◆ **Task item**
What you should end up with is an exact copy of the lines from the one holding "nypost's tweet photo." through the last line of the entries below, both included, and nothing else; leave every picture out.

**********

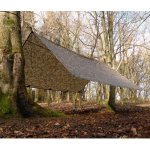 DD Hammocks Tarp 350 x 350 cm Multicam – Zboží Dáma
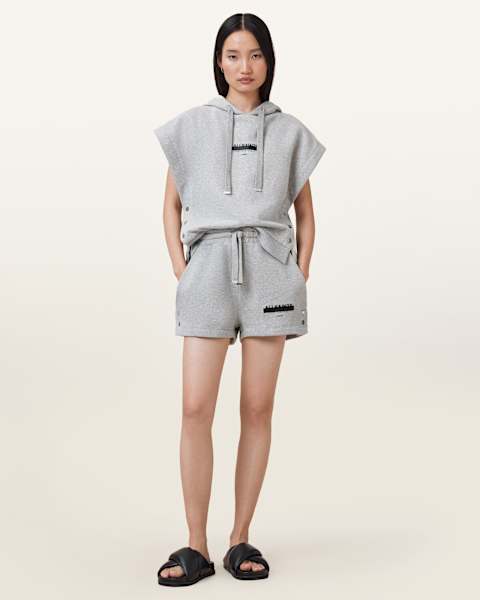 Image for Sorri Redact Logo Sweat Shorts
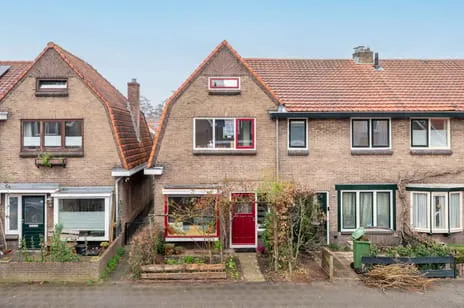 Hoekwoning te koop: Kruiskamp 100, Kruiskamp-Noord Amersfoort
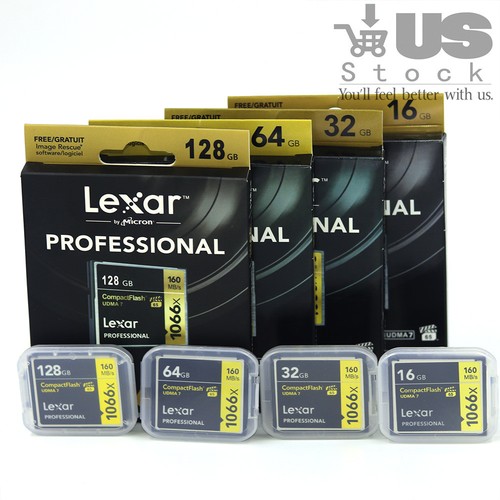 New for lexar 64 128gb - new, 16/32/64/128gb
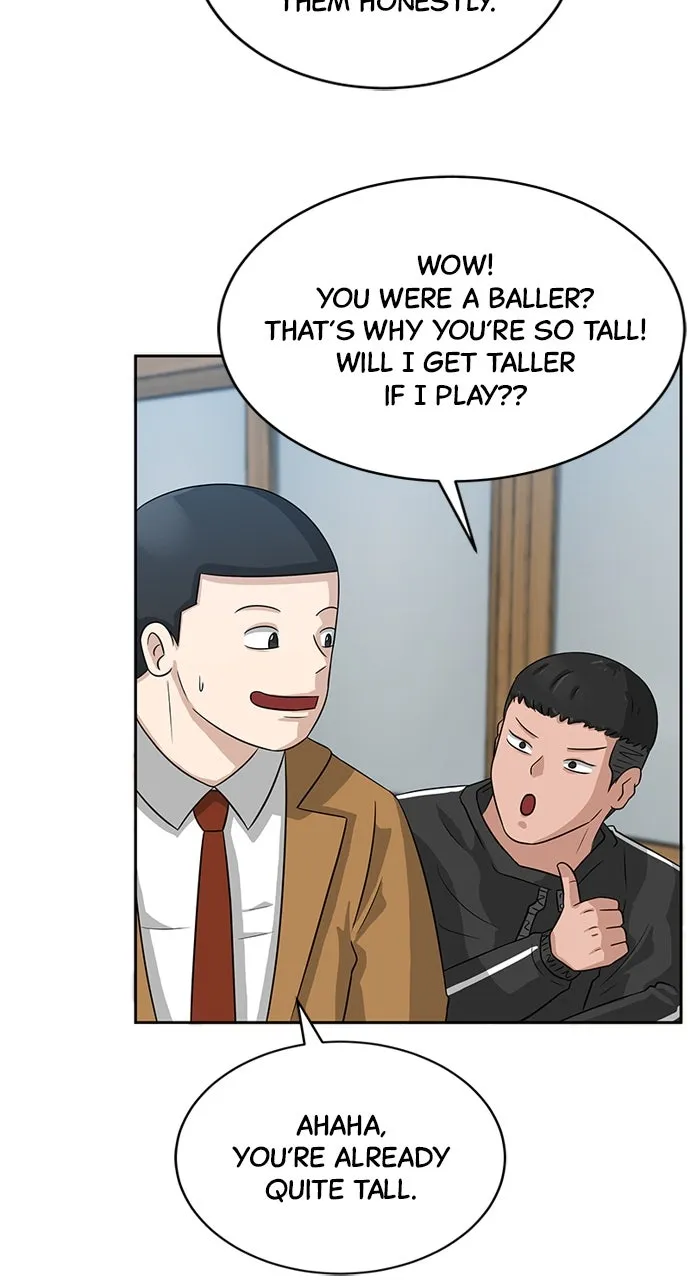 Big Man on the Court Chapter 5 page 22 - 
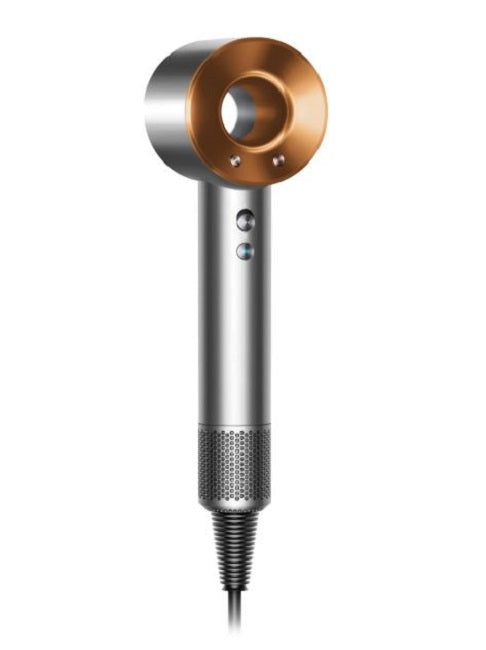 Dyson Supersonic Hair Dryer Nickel Copper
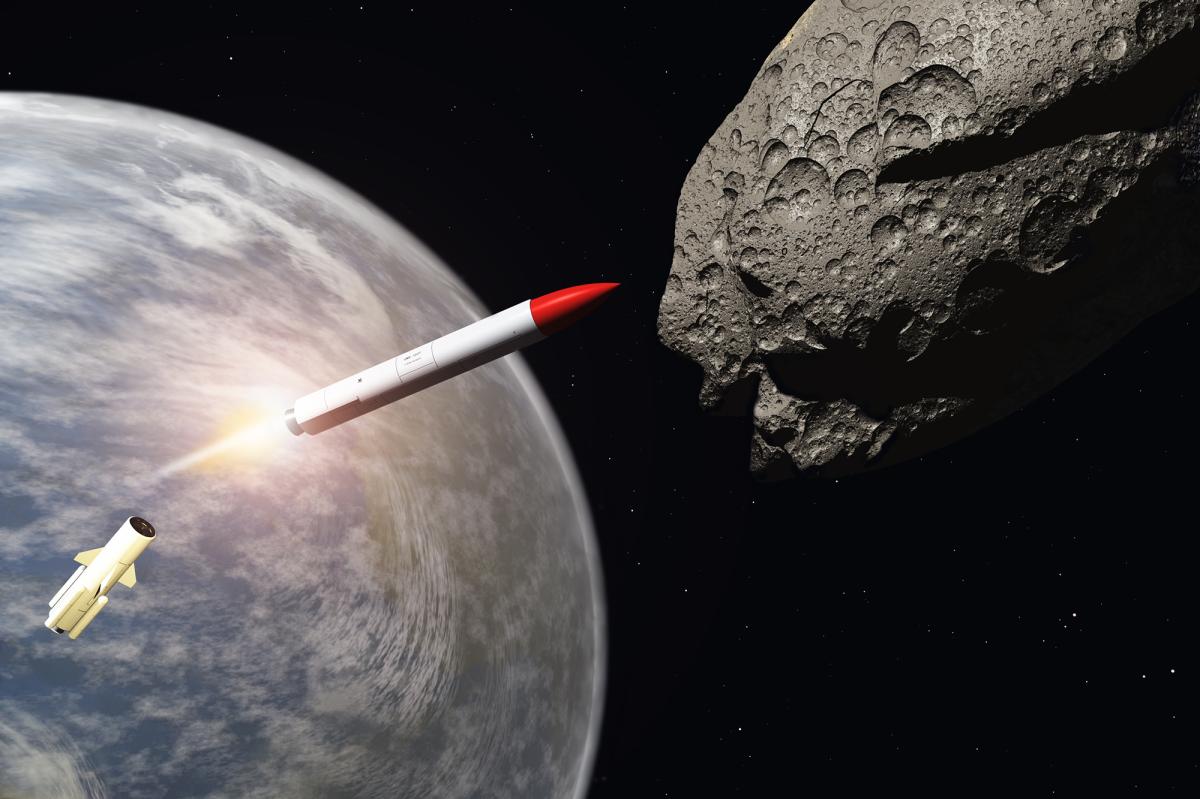 nypost's tweet photo. Scientists propose nuking solution to Doomsday asteroid - as thousands of city-killers swarm Earth https://t.co/dCh2udREvM https://t.co/qT5c6h9Hza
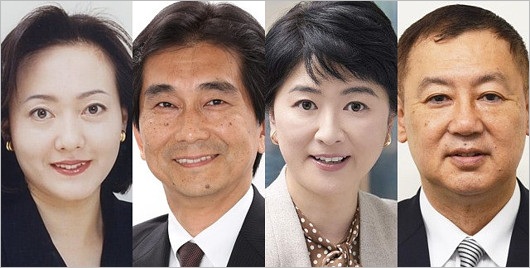 日テレ学院の歴代学院長 木村優子・村山喜彦・豊田順子・多昌博志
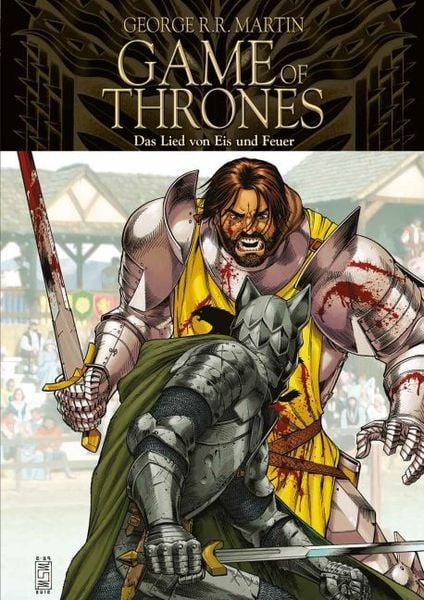 Produktbild: Game of Thrones - Das Lied von Eis und Feuer (Collectors Edition)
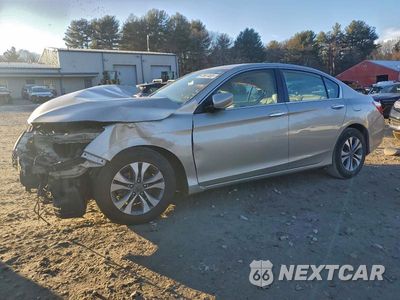 2015 HONDA ACCORD LX 1HGCR2F38FA066672 - główne zdjęcie licytacji z USA - miniatura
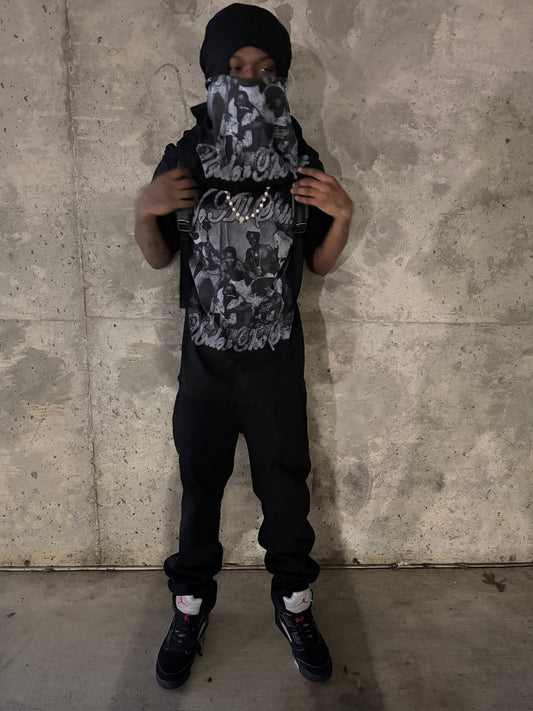 Black Brotherhood Tee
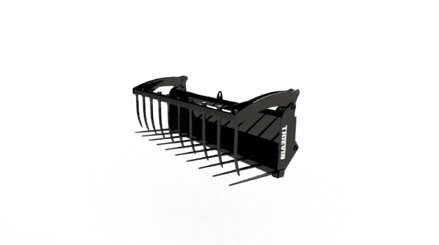 Manutention - Fourche - Fourche à grappin FOG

**********

◆ **Written reply**
 nypost's tweet photo. Scientists propose nuking solution to Doomsday asteroid - as thousands of city-killers swarm Earth https://t.co/dCh2udREvM https://t.co/qT5c6h9Hza
 日テレ学院の歴代学院長 木村優子・村山喜彦・豊田順子・多昌博志
 Produktbild: Game of Thrones - Das Lied von Eis und Feuer (Collectors Edition)
 2015 HONDA ACCORD LX 1HGCR2F38FA066672 - główne zdjęcie licytacji z USA - miniatura
 Black Brotherhood Tee
 Manutention - Fourche - Fourche à grappin FOG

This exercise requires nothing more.